■ **WHAT IS REQUIRED**
If a line in the records below contains "Fuel", copy that line.

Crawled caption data
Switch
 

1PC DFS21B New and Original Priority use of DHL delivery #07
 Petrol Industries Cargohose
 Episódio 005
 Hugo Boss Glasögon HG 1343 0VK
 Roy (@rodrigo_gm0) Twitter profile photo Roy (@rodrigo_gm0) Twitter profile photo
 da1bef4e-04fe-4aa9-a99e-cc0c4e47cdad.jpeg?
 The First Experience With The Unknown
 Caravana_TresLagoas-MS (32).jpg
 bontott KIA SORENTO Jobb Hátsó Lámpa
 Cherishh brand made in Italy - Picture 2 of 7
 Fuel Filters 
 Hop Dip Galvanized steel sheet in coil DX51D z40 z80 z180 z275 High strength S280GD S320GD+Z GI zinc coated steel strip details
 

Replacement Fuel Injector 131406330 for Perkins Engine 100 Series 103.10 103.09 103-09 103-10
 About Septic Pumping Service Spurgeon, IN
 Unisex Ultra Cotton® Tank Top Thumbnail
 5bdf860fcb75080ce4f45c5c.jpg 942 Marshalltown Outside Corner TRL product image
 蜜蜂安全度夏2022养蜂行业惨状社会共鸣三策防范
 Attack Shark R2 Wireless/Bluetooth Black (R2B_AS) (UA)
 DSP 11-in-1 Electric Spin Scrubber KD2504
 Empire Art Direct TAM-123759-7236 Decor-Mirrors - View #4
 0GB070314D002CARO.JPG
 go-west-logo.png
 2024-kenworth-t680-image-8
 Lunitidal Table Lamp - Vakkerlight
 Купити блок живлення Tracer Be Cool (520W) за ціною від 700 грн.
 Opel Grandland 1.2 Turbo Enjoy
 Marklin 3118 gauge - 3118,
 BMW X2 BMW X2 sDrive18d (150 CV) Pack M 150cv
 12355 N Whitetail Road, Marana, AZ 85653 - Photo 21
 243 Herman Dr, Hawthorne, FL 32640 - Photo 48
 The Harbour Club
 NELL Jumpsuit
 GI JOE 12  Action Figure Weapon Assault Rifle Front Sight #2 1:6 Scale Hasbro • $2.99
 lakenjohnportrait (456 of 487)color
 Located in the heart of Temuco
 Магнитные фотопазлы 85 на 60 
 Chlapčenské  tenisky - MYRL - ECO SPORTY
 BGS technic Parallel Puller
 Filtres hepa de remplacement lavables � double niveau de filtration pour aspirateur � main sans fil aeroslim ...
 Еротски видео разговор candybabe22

■ **TASK SOLUTION**
 Fuel Filters 
Replacement Fuel Injector 131406330 for Perkins Engine 100 Series 103.10 103.09 103-09 103-10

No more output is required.